**PROBLEM DETAILS:** In the entries below, find the line with "a living room" and print exactly every line from there up to and including the line with "CLOVER 20 MOTIFS", with no other lines.

**INPUT DATA:**
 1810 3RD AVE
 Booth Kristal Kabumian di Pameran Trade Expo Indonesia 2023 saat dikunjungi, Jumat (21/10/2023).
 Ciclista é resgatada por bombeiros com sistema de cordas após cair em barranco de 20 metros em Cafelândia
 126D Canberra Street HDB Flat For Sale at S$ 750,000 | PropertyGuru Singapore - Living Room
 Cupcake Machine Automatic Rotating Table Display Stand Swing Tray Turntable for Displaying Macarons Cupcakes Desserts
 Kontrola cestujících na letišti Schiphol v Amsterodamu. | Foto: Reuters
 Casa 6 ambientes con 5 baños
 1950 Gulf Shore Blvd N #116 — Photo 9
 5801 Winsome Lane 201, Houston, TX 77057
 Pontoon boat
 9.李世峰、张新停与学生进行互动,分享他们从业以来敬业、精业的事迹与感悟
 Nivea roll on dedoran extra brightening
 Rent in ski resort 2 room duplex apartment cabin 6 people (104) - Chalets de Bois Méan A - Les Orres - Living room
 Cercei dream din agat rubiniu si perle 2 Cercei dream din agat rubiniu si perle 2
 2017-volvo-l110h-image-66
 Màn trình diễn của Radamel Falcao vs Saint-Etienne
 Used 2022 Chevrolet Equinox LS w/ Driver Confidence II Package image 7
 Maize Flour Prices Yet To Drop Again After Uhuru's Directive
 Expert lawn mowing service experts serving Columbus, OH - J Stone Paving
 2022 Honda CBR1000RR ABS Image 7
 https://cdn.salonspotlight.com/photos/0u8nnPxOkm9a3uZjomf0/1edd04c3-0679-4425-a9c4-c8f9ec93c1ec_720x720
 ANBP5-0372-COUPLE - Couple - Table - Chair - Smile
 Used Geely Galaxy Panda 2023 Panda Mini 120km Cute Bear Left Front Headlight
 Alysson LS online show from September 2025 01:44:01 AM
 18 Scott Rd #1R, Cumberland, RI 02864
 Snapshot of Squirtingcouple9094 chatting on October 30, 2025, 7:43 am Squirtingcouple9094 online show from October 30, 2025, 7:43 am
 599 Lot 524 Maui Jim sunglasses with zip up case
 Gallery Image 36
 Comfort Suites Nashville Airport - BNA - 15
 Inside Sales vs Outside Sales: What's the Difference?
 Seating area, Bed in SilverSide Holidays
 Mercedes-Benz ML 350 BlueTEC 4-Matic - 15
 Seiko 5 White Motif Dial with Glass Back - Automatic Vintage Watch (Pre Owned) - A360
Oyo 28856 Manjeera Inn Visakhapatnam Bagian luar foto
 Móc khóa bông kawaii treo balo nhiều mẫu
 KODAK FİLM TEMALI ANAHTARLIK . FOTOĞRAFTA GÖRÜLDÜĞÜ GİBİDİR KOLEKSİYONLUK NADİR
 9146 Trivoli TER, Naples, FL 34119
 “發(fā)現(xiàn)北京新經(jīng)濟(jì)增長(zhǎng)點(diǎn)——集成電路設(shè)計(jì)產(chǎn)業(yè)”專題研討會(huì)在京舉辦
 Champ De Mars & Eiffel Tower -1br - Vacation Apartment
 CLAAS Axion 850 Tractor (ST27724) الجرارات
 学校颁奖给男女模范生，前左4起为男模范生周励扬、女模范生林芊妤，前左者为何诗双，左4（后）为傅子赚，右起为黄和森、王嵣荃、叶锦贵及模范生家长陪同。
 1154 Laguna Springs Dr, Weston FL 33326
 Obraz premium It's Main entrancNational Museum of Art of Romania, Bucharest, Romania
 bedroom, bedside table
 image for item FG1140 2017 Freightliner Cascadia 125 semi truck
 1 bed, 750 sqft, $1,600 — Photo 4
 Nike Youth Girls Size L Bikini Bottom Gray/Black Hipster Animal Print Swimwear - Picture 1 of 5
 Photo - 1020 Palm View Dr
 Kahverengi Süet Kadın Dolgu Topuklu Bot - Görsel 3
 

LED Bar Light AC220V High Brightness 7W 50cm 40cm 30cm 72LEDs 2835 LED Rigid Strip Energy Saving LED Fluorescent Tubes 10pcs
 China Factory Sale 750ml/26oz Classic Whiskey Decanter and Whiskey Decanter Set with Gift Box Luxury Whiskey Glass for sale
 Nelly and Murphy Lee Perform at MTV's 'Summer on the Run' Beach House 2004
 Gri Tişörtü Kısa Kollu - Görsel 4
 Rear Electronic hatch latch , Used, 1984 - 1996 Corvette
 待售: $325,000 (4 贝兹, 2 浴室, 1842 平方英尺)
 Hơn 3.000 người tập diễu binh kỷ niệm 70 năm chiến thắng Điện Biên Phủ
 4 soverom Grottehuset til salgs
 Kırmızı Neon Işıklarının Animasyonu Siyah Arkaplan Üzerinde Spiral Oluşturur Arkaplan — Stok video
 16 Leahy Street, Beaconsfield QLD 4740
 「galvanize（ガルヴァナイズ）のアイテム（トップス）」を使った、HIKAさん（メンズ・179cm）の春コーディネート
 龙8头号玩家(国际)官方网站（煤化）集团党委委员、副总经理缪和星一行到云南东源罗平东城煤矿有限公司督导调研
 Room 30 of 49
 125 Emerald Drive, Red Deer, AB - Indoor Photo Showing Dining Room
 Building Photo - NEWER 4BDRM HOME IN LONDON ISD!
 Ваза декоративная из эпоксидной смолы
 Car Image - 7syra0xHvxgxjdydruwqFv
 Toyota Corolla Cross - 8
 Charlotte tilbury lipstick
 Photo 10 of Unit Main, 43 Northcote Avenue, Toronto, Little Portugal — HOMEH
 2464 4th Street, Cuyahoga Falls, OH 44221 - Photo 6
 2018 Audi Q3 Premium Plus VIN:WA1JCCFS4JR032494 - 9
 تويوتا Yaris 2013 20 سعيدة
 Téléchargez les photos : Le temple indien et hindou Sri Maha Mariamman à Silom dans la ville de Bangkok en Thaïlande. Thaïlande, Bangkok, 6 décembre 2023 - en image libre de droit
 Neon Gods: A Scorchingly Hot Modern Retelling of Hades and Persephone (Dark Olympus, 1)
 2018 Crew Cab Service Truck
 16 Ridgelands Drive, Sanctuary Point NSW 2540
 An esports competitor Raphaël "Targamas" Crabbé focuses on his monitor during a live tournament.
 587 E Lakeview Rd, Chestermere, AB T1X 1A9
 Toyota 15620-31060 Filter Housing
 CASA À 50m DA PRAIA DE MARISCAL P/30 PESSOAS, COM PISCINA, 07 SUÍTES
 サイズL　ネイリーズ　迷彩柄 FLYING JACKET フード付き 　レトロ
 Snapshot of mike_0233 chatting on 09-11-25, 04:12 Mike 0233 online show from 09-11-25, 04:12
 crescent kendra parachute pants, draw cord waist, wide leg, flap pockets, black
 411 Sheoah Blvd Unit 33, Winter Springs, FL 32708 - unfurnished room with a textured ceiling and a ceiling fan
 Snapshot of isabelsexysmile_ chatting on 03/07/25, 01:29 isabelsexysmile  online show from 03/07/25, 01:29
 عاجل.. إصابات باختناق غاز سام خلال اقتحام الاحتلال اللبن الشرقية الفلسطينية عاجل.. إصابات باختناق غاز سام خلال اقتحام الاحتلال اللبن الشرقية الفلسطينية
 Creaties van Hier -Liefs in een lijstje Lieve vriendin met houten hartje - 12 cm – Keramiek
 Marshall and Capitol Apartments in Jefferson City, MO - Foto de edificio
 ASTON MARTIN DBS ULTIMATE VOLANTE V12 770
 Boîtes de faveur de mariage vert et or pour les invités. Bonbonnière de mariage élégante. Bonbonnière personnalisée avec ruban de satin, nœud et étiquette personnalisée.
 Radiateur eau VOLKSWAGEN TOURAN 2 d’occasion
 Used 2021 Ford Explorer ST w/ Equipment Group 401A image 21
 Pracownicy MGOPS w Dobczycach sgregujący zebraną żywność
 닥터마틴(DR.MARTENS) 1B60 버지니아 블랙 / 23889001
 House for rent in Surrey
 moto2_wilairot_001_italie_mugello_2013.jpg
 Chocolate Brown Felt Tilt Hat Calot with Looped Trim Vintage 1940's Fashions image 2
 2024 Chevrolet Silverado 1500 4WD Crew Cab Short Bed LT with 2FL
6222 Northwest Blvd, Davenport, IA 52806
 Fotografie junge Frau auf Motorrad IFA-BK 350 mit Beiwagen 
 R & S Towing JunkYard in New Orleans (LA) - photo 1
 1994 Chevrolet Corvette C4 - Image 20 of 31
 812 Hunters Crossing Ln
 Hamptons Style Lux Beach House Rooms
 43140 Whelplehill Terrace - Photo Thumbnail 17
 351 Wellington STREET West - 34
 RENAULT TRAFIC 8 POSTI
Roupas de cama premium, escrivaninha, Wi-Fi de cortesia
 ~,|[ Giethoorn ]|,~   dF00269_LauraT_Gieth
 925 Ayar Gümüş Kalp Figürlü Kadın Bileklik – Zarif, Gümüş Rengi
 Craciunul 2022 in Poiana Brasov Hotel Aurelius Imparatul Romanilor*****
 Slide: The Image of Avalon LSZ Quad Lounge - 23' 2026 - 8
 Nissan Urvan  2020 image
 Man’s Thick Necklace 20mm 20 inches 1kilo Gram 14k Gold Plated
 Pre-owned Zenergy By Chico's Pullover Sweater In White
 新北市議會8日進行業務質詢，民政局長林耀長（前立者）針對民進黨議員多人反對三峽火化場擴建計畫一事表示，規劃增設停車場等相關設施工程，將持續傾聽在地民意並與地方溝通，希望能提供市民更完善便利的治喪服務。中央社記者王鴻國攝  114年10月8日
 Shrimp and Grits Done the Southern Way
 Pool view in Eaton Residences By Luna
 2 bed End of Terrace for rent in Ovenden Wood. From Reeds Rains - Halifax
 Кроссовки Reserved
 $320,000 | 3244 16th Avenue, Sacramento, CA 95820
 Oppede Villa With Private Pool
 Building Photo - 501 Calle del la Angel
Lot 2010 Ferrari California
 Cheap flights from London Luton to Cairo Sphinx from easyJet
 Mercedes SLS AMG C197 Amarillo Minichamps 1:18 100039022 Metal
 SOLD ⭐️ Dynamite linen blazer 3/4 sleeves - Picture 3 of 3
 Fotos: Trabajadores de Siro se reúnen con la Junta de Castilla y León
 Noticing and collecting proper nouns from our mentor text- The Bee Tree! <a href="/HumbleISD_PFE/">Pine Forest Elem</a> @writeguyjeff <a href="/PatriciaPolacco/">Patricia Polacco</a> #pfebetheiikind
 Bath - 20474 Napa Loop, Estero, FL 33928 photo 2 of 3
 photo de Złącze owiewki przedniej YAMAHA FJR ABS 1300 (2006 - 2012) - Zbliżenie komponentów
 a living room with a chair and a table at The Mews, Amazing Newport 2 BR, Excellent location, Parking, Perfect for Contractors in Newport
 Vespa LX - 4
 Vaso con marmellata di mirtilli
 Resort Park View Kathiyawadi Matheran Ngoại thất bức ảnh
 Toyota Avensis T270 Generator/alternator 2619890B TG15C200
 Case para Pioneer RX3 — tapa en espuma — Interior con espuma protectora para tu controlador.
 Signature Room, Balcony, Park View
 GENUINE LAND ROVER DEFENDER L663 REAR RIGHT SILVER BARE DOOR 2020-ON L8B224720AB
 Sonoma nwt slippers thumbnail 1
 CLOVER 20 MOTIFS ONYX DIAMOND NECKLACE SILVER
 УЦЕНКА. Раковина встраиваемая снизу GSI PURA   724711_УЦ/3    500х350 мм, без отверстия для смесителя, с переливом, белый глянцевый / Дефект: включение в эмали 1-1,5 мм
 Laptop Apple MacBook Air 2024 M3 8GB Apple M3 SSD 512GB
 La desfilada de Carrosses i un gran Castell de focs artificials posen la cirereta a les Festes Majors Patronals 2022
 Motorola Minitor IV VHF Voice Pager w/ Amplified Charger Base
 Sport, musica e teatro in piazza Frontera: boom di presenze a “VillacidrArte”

**EXERCISE RESPONSE:**
 a living room with a chair and a table at The Mews, Amazing Newport 2 BR, Excellent location, Parking, Perfect for Contractors in Newport
 Vespa LX - 4
 Vaso con marmellata di mirtilli
 Resort Park View Kathiyawadi Matheran Ngoại thất bức ảnh
 Toyota Avensis T270 Generator/alternator 2619890B TG15C200
 Case para Pioneer RX3 — tapa en espuma — Interior con espuma protectora para tu controlador.
 Signature Room, Balcony, Park View
 GENUINE LAND ROVER DEFENDER L663 REAR RIGHT SILVER BARE DOOR 2020-ON L8B224720AB
 Sonoma nwt slippers thumbnail 1
 CLOVER 20 MOTIFS ONYX DIAMOND NECKLACE SILVER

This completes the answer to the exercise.